「統一教会問題」と「ホスト問題」の三つ目の共通点は、「蕩尽」だ。これは、フランスの思想家・作家で、サディズムの再評価や、[エロス-宗教-芸術]の根源的な還元を指摘したので知られるジョルジョ・バタイユ(一八九七-一九六二)のキーワードだ。



 バタイユという名も蕩尽という概念も、現在では、フランスの現代思想・文芸批評好きの限られた人にしか関心を持たれていないが、一九八〇年代には、経済人類学者の栗本慎一郎(一九四一~)のベストセラーになった『パンツをはいたサル』(一九八一)を通して、一般的にもかなり認知されていた。当時栗本は、受験地獄で追い込まれた青年が両親を金属バットで撲殺した事件など、不可解な事件や風潮を、経済人類学の理論を用いて、意外な角度から分析してみせていた。栗本の分析の道具立てとして、最も重要なのがバタイユの「蕩尽」論である。

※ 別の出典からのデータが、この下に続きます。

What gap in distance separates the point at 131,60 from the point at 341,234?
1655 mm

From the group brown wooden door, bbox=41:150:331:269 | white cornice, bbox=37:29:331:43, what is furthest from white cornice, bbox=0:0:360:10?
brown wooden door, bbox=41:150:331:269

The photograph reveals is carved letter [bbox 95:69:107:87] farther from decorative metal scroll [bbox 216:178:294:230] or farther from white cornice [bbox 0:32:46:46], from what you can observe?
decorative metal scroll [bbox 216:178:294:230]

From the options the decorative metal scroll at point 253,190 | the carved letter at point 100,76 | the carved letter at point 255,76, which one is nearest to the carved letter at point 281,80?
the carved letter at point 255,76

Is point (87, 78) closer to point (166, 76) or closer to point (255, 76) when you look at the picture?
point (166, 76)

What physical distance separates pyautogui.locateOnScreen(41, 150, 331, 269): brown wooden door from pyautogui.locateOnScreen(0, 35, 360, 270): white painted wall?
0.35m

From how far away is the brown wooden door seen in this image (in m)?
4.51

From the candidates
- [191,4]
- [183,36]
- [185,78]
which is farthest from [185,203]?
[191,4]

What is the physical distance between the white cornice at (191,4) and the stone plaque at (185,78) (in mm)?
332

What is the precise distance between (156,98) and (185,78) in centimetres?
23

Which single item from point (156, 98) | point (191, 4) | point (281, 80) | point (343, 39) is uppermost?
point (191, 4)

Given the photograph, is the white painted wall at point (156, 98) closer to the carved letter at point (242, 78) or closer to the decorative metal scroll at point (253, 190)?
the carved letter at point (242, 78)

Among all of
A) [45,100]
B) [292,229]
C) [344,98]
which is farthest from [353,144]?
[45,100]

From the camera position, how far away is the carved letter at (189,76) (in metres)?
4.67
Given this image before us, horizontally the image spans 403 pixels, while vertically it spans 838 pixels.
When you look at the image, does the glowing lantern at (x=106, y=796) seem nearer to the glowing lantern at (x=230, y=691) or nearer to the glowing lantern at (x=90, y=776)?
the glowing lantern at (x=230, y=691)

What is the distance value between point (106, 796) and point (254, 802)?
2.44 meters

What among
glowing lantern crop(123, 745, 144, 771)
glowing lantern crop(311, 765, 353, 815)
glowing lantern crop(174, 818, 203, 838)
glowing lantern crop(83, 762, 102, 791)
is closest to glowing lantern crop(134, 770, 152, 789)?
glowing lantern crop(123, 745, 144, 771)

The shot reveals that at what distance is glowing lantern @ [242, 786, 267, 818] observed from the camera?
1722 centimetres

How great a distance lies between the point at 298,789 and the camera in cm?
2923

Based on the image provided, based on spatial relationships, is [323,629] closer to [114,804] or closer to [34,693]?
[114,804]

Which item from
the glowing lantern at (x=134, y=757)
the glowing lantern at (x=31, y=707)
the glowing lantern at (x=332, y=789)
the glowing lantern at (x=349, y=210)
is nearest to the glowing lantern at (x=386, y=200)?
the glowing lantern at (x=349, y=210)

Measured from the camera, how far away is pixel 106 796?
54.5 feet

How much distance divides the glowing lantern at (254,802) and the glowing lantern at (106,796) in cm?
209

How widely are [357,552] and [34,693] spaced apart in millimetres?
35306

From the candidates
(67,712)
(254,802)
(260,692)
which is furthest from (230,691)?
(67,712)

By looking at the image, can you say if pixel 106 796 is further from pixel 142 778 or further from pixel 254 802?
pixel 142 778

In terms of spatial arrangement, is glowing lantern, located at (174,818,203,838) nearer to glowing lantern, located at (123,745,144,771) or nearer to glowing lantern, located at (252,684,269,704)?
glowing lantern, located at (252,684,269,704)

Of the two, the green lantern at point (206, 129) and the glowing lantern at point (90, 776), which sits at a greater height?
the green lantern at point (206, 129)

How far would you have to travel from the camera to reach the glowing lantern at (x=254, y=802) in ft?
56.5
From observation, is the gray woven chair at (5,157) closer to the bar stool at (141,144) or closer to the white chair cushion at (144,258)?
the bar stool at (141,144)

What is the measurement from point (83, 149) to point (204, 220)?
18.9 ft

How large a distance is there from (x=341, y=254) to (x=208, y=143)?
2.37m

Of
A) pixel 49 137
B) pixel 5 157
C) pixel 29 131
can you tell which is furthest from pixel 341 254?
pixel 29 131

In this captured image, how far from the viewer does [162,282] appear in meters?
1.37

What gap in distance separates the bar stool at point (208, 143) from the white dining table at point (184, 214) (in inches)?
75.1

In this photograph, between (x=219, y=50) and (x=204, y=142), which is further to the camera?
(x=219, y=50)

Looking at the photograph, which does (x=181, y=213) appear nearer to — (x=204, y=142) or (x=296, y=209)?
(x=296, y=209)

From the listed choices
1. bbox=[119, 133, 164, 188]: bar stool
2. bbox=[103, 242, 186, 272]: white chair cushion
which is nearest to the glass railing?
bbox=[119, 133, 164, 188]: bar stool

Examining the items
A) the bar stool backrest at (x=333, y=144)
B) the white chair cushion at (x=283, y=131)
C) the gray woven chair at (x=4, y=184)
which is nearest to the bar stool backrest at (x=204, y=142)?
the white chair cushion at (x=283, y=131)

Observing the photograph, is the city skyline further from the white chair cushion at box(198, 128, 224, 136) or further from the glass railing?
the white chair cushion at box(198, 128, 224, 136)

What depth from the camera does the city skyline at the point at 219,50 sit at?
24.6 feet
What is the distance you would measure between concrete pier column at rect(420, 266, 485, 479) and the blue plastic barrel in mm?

 「蕩尽 consumation」というのは、無駄に、つまり自分にとって何の得にもならないやり方で、消費することである。マルクス主義を含む近代経済思想は、「経済」を「生産」を中心に考え、「消費 consumption」も、「生産 production」のサイクルの一部と考える傾向がある。衣食住のために「消費」することで、労働者自身の生存が可能になり、かつ、生殖=再生産(reproduction)によって子孫を増やし、新たな労働力を生み出すことが可能になる。



 二〇世紀に入って、レジャー、ファッション、スポーツ、ゲーム等の文化消費が資本主義発展の原動力になったと言われているが、それは従来と異なった形で、種類の商品(非物質的商品)の生産にすぎない。更に言えば、そうしたより快適に消費するためのサービスや、家事やケアまで商品化されるということは、私たちの生活全体が資本主義の生産体制に組み込まれたことを意味する。生活全体が資本主義的生産体制に組み込まれた社会では、生産と消費が一体化しており、各人は、生産(の可能性)を増大させるために消費するよう仕向けられている、と言える。

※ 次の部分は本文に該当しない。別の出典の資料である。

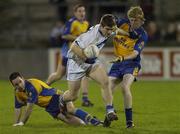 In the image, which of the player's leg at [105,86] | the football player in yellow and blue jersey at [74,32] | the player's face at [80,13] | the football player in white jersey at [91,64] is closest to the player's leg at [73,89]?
the football player in white jersey at [91,64]

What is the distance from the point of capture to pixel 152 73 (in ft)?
84.9

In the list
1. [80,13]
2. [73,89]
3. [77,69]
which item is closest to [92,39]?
[77,69]

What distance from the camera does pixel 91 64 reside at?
1263 cm

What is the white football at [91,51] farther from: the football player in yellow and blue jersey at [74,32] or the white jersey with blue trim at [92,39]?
the football player in yellow and blue jersey at [74,32]

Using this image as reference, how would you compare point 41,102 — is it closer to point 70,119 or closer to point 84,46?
point 70,119

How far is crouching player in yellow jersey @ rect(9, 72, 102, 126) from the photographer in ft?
42.0

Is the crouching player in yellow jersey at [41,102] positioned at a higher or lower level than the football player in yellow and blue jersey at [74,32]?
lower

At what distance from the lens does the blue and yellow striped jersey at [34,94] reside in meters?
12.8

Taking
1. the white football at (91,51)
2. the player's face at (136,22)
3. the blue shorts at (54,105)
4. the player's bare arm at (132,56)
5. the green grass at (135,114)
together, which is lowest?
the green grass at (135,114)

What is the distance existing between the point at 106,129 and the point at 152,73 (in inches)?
536

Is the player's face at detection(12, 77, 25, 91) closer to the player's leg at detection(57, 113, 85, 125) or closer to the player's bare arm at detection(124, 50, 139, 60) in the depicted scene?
the player's leg at detection(57, 113, 85, 125)

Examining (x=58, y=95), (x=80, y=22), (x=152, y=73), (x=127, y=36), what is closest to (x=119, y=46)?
(x=127, y=36)

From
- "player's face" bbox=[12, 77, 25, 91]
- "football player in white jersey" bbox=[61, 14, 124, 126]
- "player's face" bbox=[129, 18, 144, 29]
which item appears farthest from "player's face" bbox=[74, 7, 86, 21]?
"player's face" bbox=[12, 77, 25, 91]

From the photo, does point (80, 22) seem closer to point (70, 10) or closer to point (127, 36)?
point (127, 36) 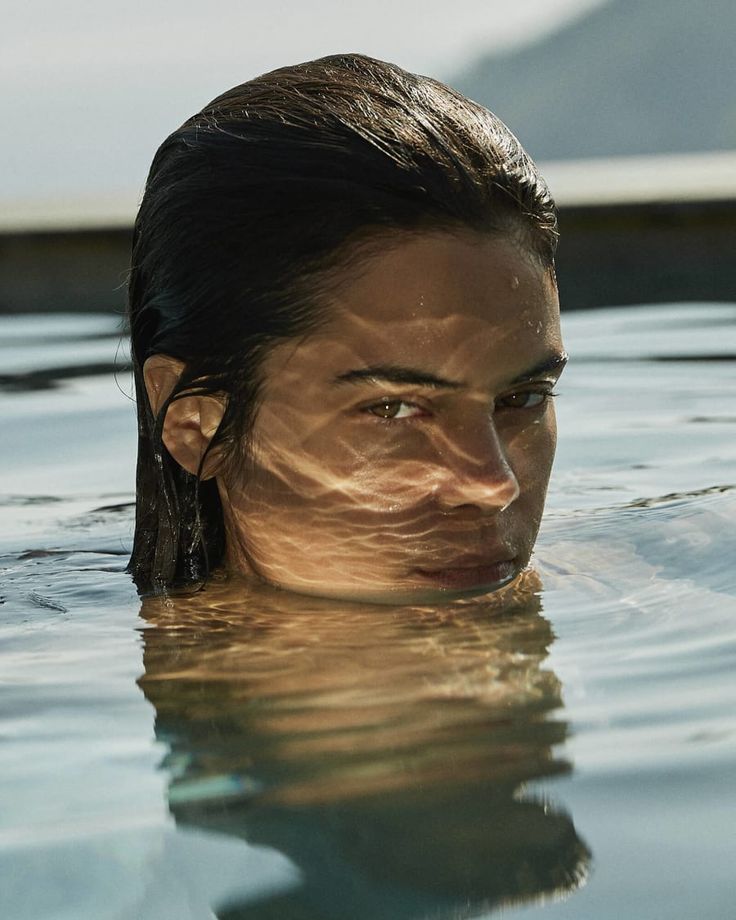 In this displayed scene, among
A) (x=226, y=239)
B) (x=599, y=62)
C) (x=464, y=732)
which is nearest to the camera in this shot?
(x=464, y=732)

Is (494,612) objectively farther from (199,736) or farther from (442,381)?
(199,736)

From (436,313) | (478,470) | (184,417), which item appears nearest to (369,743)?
(478,470)

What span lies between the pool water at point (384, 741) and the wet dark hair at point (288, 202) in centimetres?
39

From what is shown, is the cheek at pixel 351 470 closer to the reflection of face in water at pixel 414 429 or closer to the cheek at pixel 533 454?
the reflection of face in water at pixel 414 429

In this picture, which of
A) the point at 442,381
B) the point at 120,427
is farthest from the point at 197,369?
the point at 120,427

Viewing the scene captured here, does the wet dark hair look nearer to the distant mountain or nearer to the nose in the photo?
the nose

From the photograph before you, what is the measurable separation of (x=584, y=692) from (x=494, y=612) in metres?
0.41

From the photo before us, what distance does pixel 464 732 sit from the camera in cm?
159

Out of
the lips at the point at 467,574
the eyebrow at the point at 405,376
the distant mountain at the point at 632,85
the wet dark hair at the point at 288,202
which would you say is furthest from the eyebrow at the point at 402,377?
the distant mountain at the point at 632,85

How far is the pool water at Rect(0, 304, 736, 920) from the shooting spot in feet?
4.09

 バタイユによると、食物であれ、性行為の相手であれ、欲求の対象を手に入れると、すぐに消費する動物と違って、人間は将来の消費のために現在の欲求を抑えて、備蓄する。文明とは、欲求を一定の枠内に収め、効率的な生産機構を構築することで、備蓄を増やしていくシステムだ。「パンツを穿く」という行為は、自らの欲求を抑制するために身に付けていることの象徴である。

文明が発達するというのは、欲求充足の先延ばしによる蓄積傾向がどんどん強まっていく、ということだ。



 バタイユは、欲求の抑制による蓄積はどこかで限界が来て、抑えこまれてきた欲求が爆発する。爆発で社会全体が崩壊しないように、定期的なガス抜きが必要になると指摘する。それが、共同体を挙げて行われる各種の祝祭(カーニヴァル)だ。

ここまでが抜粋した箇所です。